Core Concepts
Temporal Masked Autoencoders (T-MAE) improve representation learning in sparse point clouds by incorporating historical frames and leveraging self-supervised pre-training.
Abstract
The scarcity of annotated data in LiDAR point cloud understanding hinders effective representation learning. T-MAE proposes a pre-training strategy that incorporates temporal information to enhance comprehension of target objects. The Siamese encoder and windowed cross-attention module establish a powerful architecture for two-frame input.
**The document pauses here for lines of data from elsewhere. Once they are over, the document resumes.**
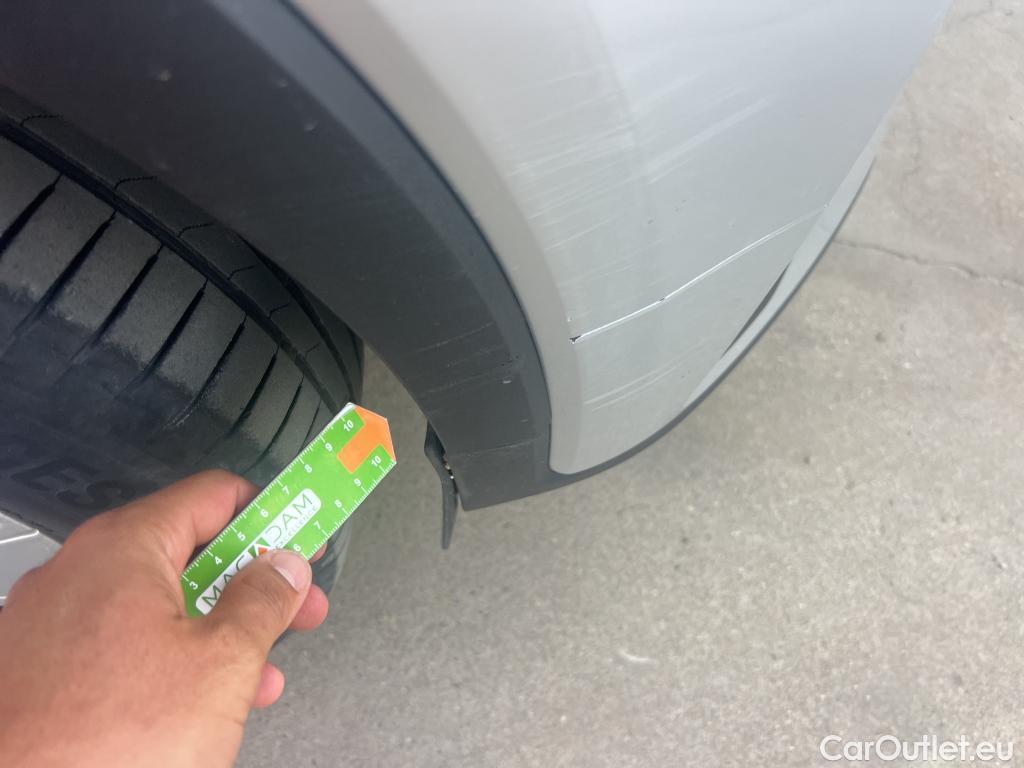  Volvo  XC 40 VOLVO XC40 / 2021 / 5P / todoterreno 1.5 T2 Essential Dark Auto #30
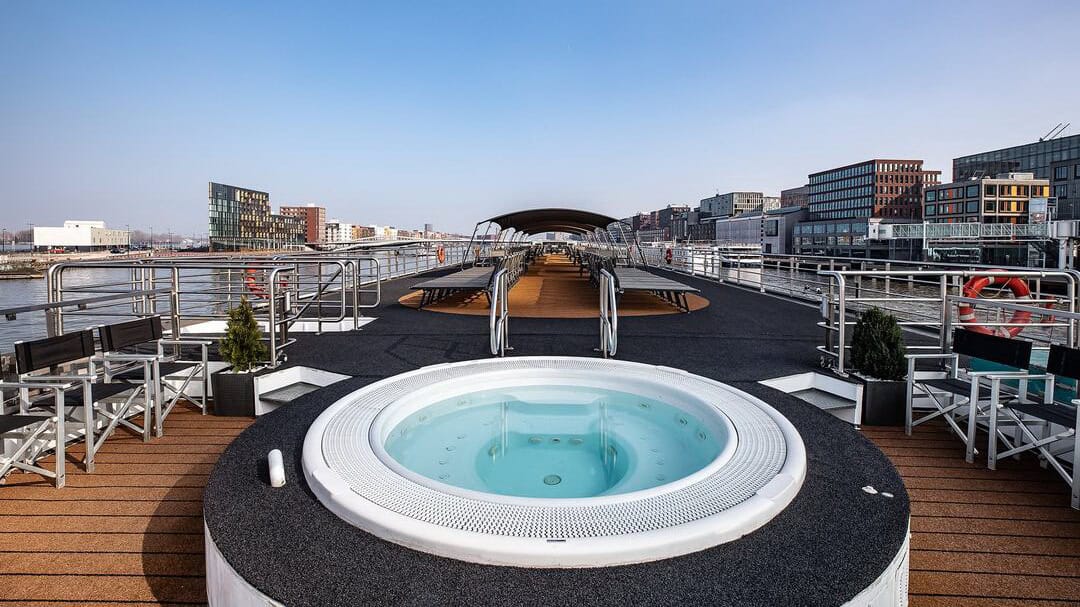 Swiss Crown - Sonnendeck - Sundeck Swiss Crown - Soldäck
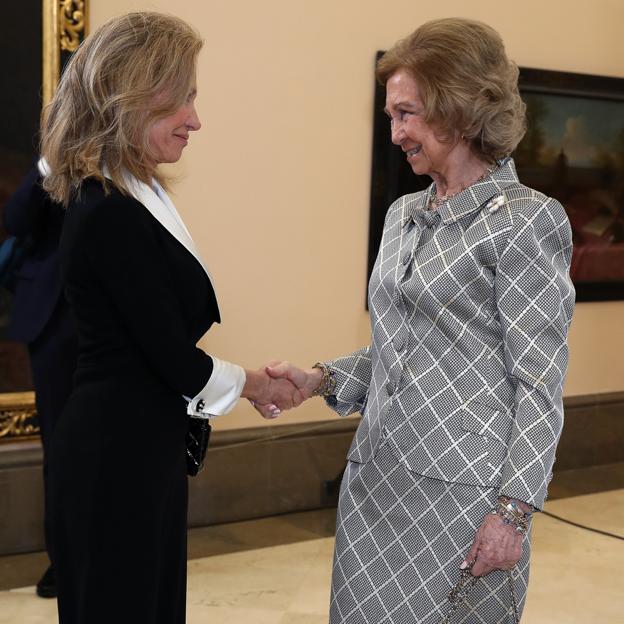 Doña Sofía de Grecia y Alicia Koplowitz en los Premios Iberoamericanos de Mecenazgo de 2020. 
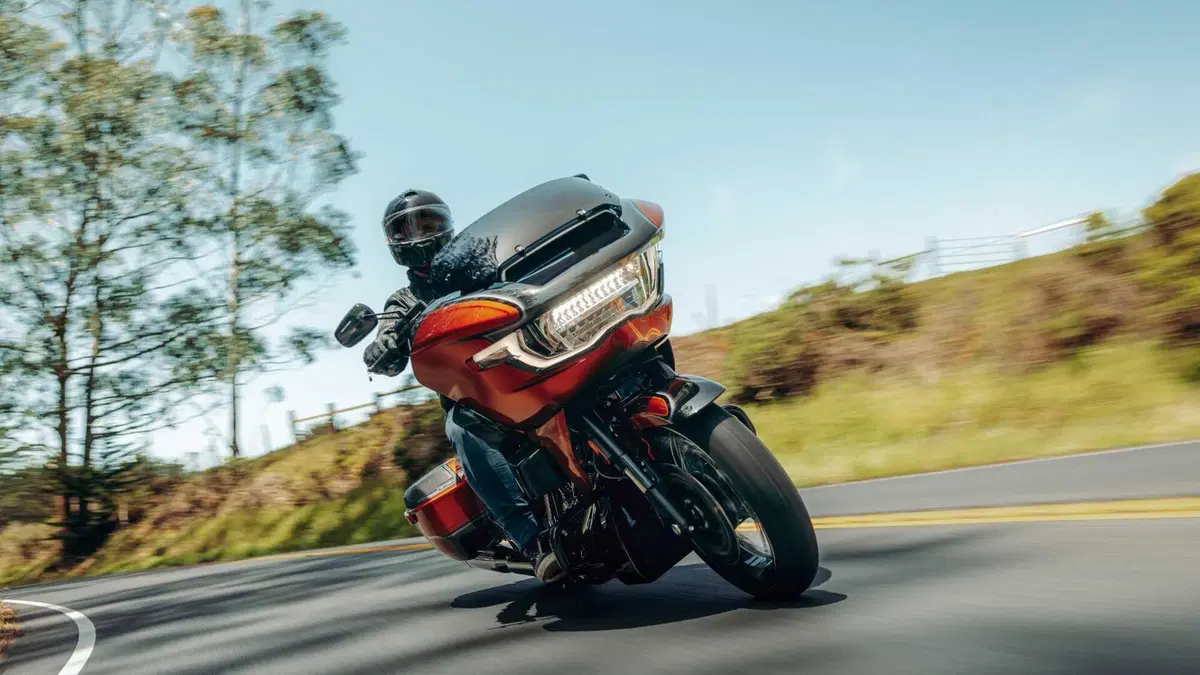 Harley-Davidson CVO - Custom Vehicle Operations CVO Road Glide (2023) (10)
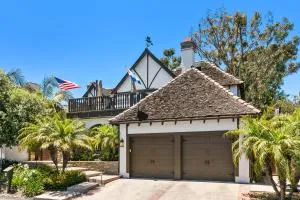 Enchanting French Inspired Chateau with Beach Club! - South Oceanside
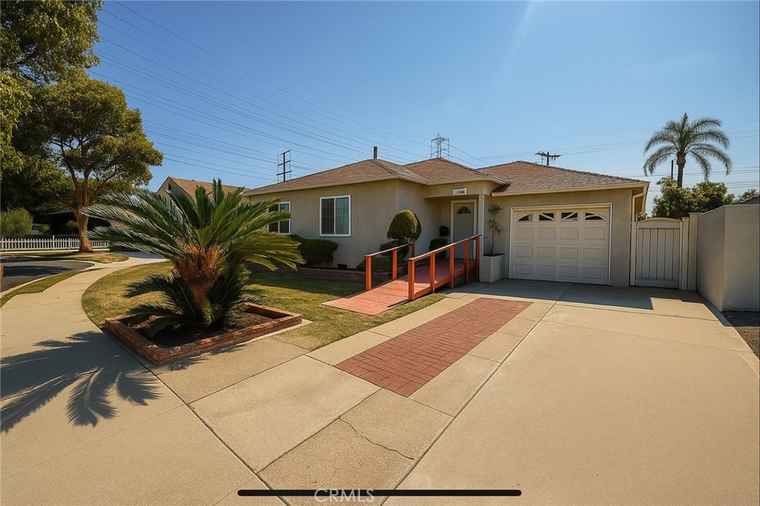 Photo of 17515 Delia Ave Torrance, CA 90504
T-MAE outperforms competitive self-supervised approaches on Waymo and ONCE datasets.
- Introduction:
- Self-supervised learning addresses the challenge of insufficient labeled data.
- Pre-training techniques accelerate model convergence and performance for downstream tasks.
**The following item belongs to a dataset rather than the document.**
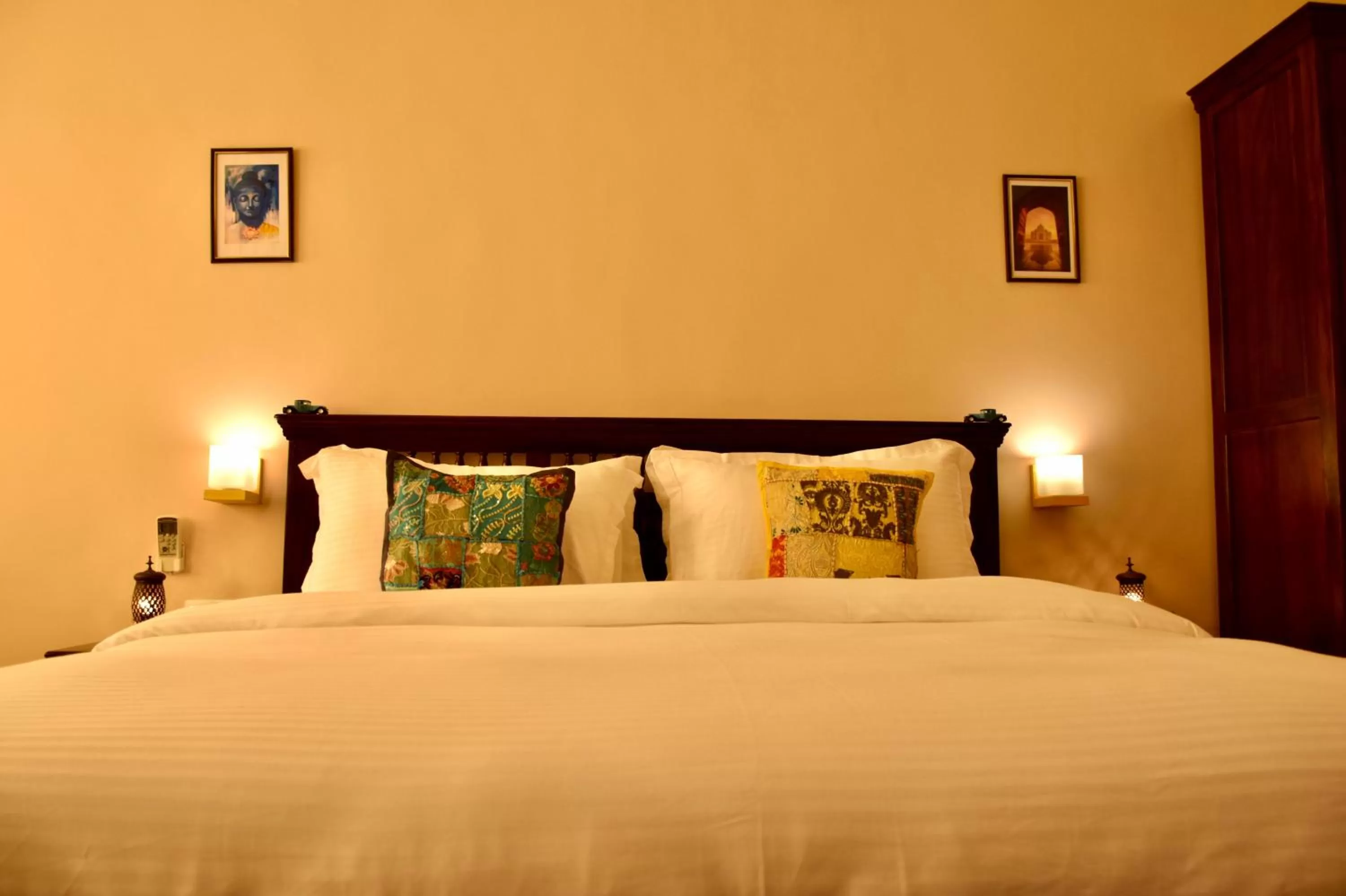 Bedroom, Bed in Kankariya Heritage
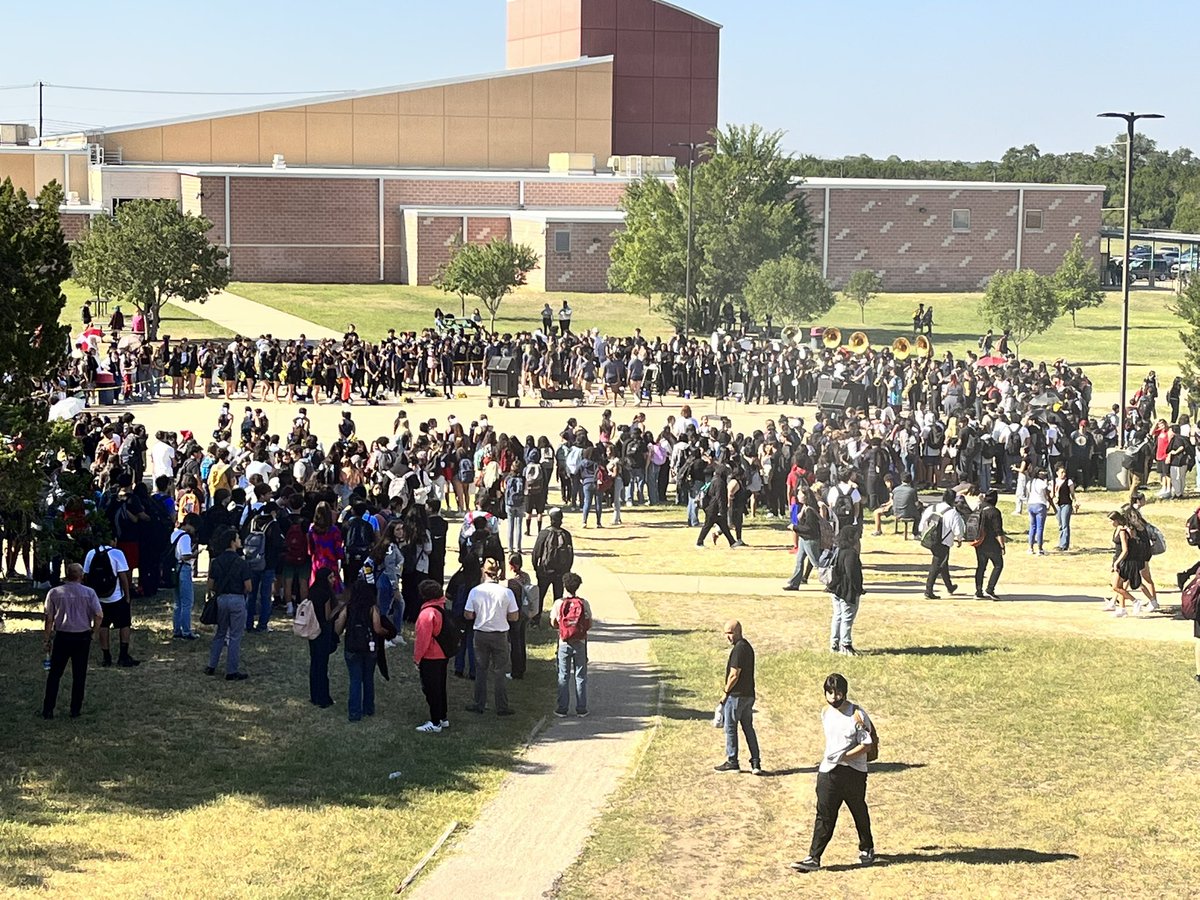 Akins STEM Academy tweet media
- Annotations in LiDAR point clouds are costly, making pre-training essential.
- Related Work:
- SSL methods focus on contrastive learning and masked image modeling.
- Prior works mainly concentrate on synthetic objects and indoor scenes.
- T-MAE introduces temporal modeling to leverage historical frames for improved representation learning.
- Method:
- T-MAE utilizes a Siamese encoder and windowed cross-attention module for temporal dependency learning.
- The proposed pre-training strategy reconstructs the current frame using historical information from past scans.
- Experiments:
- Evaluation on Waymo dataset shows T-MAE outperforms state-of-the-art methods with limited labeled data.
- Conclusion:
T-MEA demonstrates the effectiveness of incorporating historical frames in self-supervised pre-training for improved representation learning in sparse point clouds.
Stats
Comprehensive experiments demonstrate that T-MAE achieves higher mAPH for pedestrians when finetuned with half the labeled data than MV-JAR.